(Record extracts)
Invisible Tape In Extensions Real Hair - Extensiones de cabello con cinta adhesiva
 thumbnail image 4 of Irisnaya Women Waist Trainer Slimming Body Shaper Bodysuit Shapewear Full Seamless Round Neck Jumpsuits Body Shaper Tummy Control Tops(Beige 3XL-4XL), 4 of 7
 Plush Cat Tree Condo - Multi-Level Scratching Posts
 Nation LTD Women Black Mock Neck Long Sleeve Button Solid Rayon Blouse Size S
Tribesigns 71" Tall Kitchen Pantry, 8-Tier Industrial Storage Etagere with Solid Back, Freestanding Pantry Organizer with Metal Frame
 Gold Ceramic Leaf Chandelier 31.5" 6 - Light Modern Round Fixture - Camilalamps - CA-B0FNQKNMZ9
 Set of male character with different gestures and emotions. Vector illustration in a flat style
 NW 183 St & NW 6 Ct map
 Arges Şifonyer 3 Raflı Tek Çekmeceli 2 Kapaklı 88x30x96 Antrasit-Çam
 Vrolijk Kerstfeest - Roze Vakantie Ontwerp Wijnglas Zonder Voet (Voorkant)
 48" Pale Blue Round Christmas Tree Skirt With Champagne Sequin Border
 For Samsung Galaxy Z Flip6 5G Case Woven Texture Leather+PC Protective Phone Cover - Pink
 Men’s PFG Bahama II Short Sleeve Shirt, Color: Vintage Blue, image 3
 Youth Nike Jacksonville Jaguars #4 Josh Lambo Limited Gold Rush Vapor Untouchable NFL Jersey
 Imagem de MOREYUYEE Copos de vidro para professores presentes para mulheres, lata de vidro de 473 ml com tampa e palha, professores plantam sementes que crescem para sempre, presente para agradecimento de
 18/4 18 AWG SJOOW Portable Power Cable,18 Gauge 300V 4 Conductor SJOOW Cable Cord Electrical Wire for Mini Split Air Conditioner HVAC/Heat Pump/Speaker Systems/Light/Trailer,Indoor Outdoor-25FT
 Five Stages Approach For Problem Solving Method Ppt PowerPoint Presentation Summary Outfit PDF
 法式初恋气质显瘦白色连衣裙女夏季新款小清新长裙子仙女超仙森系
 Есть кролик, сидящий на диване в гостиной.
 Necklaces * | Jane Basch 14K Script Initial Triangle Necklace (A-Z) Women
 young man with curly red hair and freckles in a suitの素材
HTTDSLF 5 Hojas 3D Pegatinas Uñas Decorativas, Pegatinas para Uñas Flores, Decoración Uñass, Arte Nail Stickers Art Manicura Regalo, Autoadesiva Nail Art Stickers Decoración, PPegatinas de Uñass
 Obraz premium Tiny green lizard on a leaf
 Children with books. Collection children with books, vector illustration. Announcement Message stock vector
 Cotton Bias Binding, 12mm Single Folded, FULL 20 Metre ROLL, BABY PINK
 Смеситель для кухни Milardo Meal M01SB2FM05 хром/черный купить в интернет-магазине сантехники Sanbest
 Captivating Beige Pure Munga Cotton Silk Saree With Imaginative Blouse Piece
(End Record extracts)
§ Description of the task: If a line in the records above holds the string "Tree", copy it.

§ Response:
 Plush Cat Tree Condo - Multi-Level Scratching Posts
 48" Pale Blue Round Christmas Tree Skirt With Champagne Sequin Border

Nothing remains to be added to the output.